それから、私達はそのまま愛し合った。あの初めての時以来・・・。


なかなか2人きりになれない現実。和樹さんのマンションでのおウチデートの時に、絵里ちゃんが寝たあと、そんな雰囲気になったこともあったけど、私が結局拒んでしまった。


絵里ちゃんが隣の部屋にいることもあったし、何よりも奥さんと何度も愛し合ったに違いない寝室、ベッドで、和樹さんに抱かれることに抵抗を感じてしまったからだった。


そして、今日。デートの最後にこうなるということは、暗黙の了解だったと言っていい。


だけど、和樹さんは、その為のホテルではなく、窓からキレイな眺めが広がるシティホテルを用意してくれた。

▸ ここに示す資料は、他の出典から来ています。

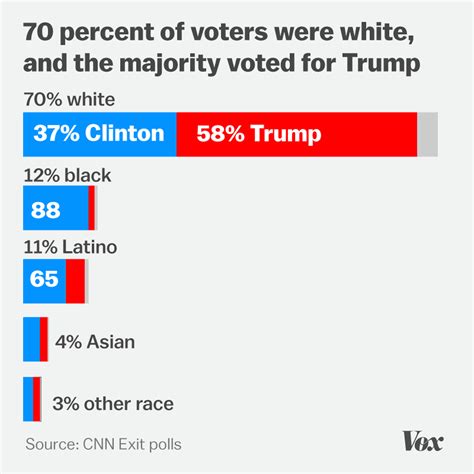 exit polls a broad range of white people voted trump for president vox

だから何?結局最後は同じじゃん、と言われてしまうかもしれない。でもまだ朝を一緒に迎えることが難しい私達。誕生日という記念日だからこそ、そういう配慮をしてくれる和樹さんの優しさが、私は嬉しかった。


まだまだぎこちない私を優しくリードしてくれる和樹さん。その和樹さんに誘われて、私は徐々に高みにへと導かれる。


「加奈、愛してる。」


そう耳元で囁かれれば、私の心も身体も、否応なく燃え上がってしまう。


「私も愛してる、和樹さん。」


懸命にそう言葉を紡いた私の唇は、次の瞬間に和樹さんの唇に塞がれる。やがて侵入して来る彼の舌が、私の口の中を蹂躙する。


全てが夢見心地の私は、縋るように彼の背中に腕を回す。そうしないと自分の存在が確認出来なくなってしまう。

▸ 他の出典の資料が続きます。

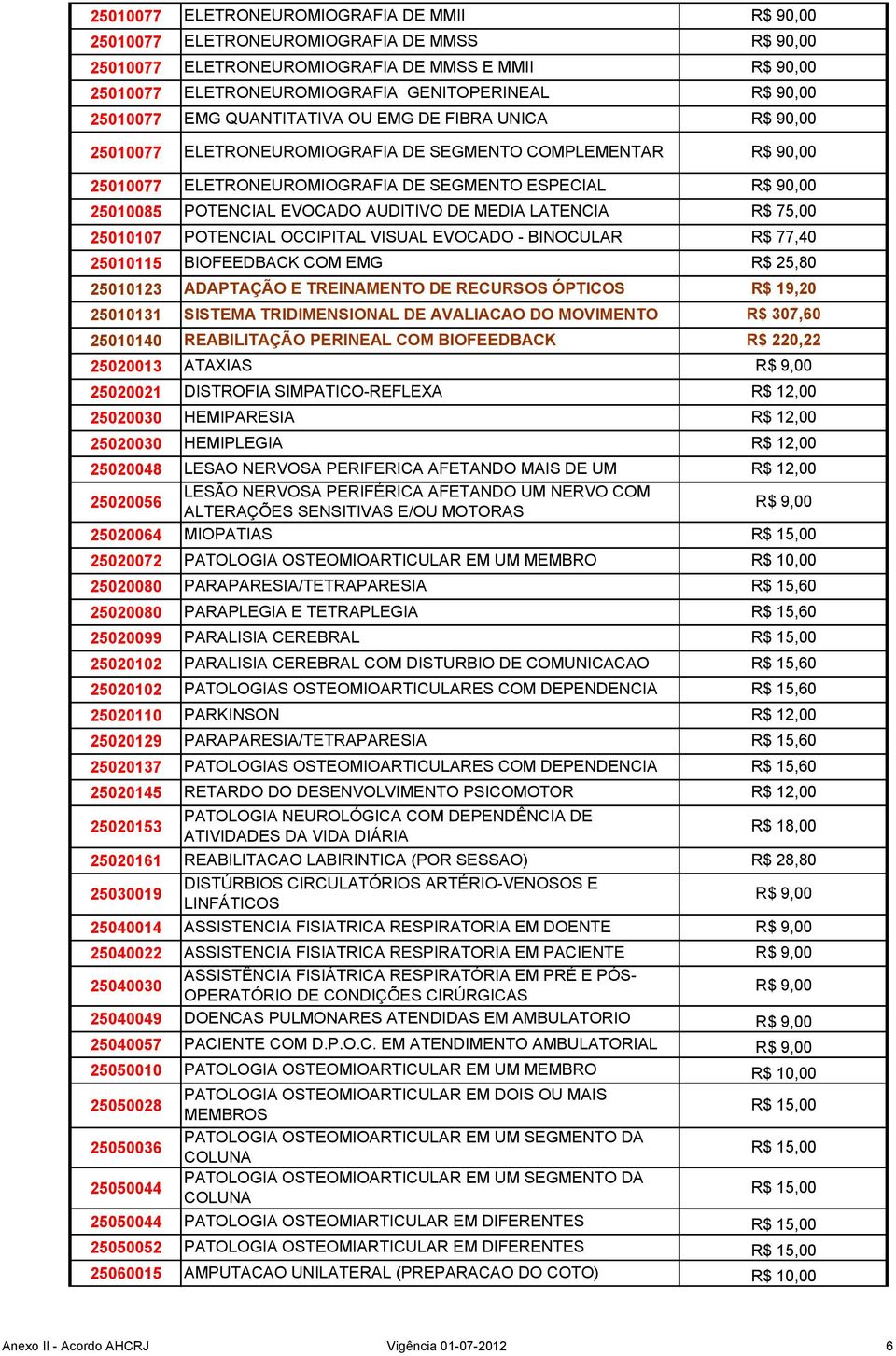 25060015 ELETRONEUROMIOGRAFIA DE MMII ELETRONEUROMIOGRAFIA DE MMSS ELETRONEUROMIOGRAFIA DE MMSS E MMII R$ 90,00 ELETRONEUROMIOGRAFIA GENITOPERINEAL EMG QUANTITATIVA OU EMG DE FIBRA UNICA LESAO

やがて、彼の動きが止まり、彼の身体が私の身体に覆い被さって来る。私は、彼を夢中で抱きしめる。


「ずっとこのままでいたい。」


「俺もだ、加奈は誰にも渡さないから。」


その言葉に酔い、彼の身体の重みを、ぬくもりを全身で感じていると、また唇が塞がれる。ただただ幸せだった。

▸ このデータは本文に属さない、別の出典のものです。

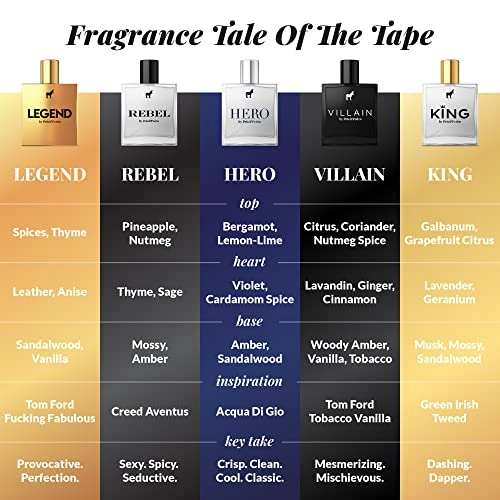 REBEL - Eau de Parfum 50 ml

そのあと、もう1度、愛を確かめ合った私達がホテルを出たのは7時過ぎ。帰宅の途につく、サラリーマンやOLで賑わう電車の中で、寄り添い、見つめ合う私達は、間違いなく周りから浮いていただろう。


横浜から新横浜まではあっという間。新幹線の改札まで、彼を見送る。


「今日は本当にありがとう。」


「いや、俺の方こそ・・・素晴らしい時間を過ごさせてもらった。」


また、見つめ合う私達。


「和樹さん・・・もっと一緒にいたい。」


「明日、子供を連れて、東京に帰る。そしたら、またすぐに会えるさ。」


「はい。」


寂しさを懸命に押し殺しながら、私は頷いた。


「加奈も気をつけてな、じゃ。」


「おやすみなさい。」


私に手を上げると、和樹さんは改札を通って中に入った。歩きながら、何度も振り返って、手を振ってくれる彼に、懸命に手を振り返しながら、なぜか私の目からは涙が。


(和樹さん・・・。)


やがて、彼の姿がホームに消えると、その涙は止まらなくなった。


和樹さんとサヨナラして、寂しい気持ちはある。だけど、ここまで涙が止まらない理由が自分でもわからない。


(もう和樹さんと会えなくなるわけじゃないのに・・・。)


そう思いながら、私は彼をホームまで見送らなかったことを後悔していた。